‘They will die’ if productivity software taken away from staff, says legal firm boss

  • Productivity frees up 20% of employees’ time and resulted in about 25% in cost savings
  • Top-down approach introducing technological change is key, especially migrating old data

Patrick Mirandah, at his desk, indicating the thickness of the pile of papers he had to sign every month, which took hours. Automating all of that has saved him about 25% of his time, he says.

One gripe at a recent Lawtech summit was that the legal profession is slow to pick up technology. But for Mirandah Asia, embracing tech to improve its internal processes is just the smart thing to do. And it saves him over US$2,660 (RM11,000) a year in fines paid due to human error.

 “There is big consumption of time and paper resources in sticking to the manual approach. For us, it was about looking ahead and saving manpower in doing certain tasks,” explained Patrick Mirandah, the group chief executive officer of Mirandah Asia.

His eponymous law firm focuses on patent and trademark work. As a patent lawyer, Mirandah also holds an undergraduate degree in mechanical engineering. His technical background certainly plays a role in his desire to take his firm up a technological notch or two.

The benefits of the system implementation is felt by the employees firm-wide. In fact, Mirandah says: “If we take it out, they will die. They will not function without this system,” he says emphasising how staff are quick to embrace any tool that helps them do their jobs quicker and more afficiently to free up time to focus on more value-added work.

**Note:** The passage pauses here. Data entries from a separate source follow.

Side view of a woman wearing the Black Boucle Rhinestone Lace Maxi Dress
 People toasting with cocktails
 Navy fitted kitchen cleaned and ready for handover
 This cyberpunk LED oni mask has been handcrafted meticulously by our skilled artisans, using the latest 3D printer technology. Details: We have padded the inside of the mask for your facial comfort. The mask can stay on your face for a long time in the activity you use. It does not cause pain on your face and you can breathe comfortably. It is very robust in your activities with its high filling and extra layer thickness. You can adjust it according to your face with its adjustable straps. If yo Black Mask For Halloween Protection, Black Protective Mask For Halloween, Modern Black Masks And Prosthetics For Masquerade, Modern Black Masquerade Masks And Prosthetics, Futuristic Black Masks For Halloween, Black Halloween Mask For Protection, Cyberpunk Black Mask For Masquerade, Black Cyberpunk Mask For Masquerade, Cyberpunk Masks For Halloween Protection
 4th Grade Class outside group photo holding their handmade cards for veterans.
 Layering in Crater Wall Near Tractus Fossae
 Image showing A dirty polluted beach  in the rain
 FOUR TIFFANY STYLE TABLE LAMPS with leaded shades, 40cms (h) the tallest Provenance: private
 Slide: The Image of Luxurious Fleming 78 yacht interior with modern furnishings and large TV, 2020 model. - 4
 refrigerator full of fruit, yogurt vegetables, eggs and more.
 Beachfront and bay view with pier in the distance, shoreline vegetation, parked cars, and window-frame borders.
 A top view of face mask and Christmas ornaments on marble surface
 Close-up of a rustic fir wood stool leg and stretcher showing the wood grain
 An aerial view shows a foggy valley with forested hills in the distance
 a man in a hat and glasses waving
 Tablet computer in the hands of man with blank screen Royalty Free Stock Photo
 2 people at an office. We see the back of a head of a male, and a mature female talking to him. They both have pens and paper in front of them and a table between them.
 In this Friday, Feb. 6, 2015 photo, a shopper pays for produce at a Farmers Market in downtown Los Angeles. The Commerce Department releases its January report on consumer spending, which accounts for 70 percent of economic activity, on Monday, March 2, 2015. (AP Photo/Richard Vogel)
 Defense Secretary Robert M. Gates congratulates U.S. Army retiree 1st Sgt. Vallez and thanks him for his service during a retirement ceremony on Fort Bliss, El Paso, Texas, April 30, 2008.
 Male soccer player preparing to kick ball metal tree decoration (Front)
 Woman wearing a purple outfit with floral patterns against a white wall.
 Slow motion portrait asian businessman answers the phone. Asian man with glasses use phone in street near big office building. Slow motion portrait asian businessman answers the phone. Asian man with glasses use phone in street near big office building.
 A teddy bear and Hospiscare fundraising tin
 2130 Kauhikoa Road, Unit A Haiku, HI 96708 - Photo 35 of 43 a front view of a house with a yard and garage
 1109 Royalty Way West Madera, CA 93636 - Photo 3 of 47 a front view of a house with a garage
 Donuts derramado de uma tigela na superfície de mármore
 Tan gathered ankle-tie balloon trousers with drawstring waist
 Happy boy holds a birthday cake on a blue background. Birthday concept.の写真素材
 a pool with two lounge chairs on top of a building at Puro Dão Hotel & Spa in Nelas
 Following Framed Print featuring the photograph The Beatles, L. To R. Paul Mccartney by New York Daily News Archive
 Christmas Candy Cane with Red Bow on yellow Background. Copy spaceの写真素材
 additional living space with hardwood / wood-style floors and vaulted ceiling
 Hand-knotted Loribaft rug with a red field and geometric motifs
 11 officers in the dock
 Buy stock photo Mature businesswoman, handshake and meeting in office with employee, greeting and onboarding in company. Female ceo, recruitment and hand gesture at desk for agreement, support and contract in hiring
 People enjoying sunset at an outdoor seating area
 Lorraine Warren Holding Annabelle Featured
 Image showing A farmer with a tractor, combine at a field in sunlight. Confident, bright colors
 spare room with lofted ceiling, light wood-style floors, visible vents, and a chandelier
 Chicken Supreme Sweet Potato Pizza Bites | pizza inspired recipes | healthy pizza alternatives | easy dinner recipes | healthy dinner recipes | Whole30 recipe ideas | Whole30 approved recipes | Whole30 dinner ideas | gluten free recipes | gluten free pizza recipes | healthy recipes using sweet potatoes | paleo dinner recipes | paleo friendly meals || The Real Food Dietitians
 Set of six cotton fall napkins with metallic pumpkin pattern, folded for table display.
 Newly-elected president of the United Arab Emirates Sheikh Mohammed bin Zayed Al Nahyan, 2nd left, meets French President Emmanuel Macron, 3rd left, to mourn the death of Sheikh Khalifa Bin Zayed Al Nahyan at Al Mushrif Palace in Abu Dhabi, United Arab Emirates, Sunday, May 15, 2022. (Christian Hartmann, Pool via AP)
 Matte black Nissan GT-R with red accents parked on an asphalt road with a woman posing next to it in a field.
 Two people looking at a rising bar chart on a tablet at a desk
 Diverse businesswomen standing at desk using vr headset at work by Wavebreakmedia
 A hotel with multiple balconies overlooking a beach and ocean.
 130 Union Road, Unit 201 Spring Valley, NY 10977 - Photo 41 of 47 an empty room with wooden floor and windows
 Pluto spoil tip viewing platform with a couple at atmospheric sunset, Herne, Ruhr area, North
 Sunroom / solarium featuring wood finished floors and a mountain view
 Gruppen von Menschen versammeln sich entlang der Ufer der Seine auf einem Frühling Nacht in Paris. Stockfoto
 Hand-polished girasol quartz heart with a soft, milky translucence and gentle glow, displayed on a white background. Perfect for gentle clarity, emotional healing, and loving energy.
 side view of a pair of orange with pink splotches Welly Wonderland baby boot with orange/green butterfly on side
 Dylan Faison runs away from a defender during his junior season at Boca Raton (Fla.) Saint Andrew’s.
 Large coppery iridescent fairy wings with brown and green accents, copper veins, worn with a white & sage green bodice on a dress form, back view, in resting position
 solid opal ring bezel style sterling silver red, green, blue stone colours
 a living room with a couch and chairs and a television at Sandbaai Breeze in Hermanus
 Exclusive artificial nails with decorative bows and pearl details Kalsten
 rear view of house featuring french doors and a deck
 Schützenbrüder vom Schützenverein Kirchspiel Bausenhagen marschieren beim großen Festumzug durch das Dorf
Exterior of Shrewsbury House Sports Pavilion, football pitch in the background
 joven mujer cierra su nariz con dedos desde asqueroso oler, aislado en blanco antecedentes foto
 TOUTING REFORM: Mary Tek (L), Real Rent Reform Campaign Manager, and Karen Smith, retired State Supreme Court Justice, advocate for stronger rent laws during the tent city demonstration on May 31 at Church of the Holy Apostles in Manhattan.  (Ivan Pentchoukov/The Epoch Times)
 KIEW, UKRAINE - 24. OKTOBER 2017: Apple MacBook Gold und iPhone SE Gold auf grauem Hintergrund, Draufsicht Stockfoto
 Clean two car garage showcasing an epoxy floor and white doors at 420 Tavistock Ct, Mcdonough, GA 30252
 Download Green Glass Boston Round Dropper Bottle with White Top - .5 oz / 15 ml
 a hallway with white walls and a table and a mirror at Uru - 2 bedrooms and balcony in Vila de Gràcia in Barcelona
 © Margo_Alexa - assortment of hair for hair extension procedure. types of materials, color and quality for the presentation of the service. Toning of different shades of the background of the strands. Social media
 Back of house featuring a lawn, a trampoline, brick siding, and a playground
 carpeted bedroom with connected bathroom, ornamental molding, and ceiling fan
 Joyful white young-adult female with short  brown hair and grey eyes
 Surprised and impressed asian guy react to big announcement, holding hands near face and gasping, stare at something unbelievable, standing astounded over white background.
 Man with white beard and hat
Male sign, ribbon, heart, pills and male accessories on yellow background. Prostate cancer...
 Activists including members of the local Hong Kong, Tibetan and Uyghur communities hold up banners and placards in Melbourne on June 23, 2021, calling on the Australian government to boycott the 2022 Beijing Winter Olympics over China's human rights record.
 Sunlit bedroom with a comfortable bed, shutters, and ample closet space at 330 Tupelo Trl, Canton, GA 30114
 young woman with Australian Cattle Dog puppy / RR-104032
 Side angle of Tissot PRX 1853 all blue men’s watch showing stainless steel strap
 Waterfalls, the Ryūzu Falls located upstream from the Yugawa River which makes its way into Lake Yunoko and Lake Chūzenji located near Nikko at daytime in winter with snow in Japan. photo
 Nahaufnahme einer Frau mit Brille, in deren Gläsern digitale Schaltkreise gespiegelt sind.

The firm’s use of its document management system has freed up 20% of employees’ time and also resulted in about 25% in cost savings. “When we cut down all the manual work, errors reduce and cost reduces because errors are less,” said Mirandah, sharing that errors previously resulted in over RM11,000 per annum in penalties.

But the key to the productivity of Mirandah’s firm is the close back and forth he has with its tech provider, AmberSoft, a MSC Malaysia status software company that built and owns the intellectual property to a suite of Knowledge Management and Process Automation software including RPA. Based on a decade’s usage experience of a much earlier version of document management system, Mirandah was very in tune with the needs of his business and was ever-willing to push the tech capabilities of the system it currently employs.

And AmberSoft appreciated it as the constant feedback from Mirandah, with lots of meetings, has helped AmberSoft build a better version of its product.

“There was a lot of adaptation. The advantage that we have is, being the IP owner of our software, we were able to customise to his needs. We basically changed the way the operations team worked to suit his business environment. And actually, many of Mirandah’s ideas have helped develop our next version,” shared Sukhdev Singh, the managing director of AmberSoft, whose company counts multinationals like Konica Minolta, Nippon Express, Ingram Micro and Thai conglomerate, Siam Cement Company as customers across four countries.

[Para updated.]

The top-down approach of management in introducing tech is key, Sukhdev believes. Like any change in process, there was some resistance to the new system in the early stages. “But with Patrick’s persistence in making it work, that has made a lot of difference.”

Having a leader who is willing to shake things up to introduce a more efficient way of working is one thing, but Mirandah points to an area that he feels will dictate the success or failure of any digital adoption program. Data migration is all important and will dictate if you win or lose in your journey to adopt he says.

The first step in this case was for AmberSoft to migrate Mirandah’s 10 years’ worth of existing data from the old system to the new system. “That is key. These guys managed to do that. Then, we started with the new system and it worked very well,” says Mirandah.

Being a big believer in the value of technology for the legal profession, Mirandah is now excited for robotic process automation (RPA) and AI to make its mark in the law fraternity. He is certainly not one to shy away from tech thinking it’s only meant for the bigger law firms. “I always thought robotics could work for me. It has to work for me.”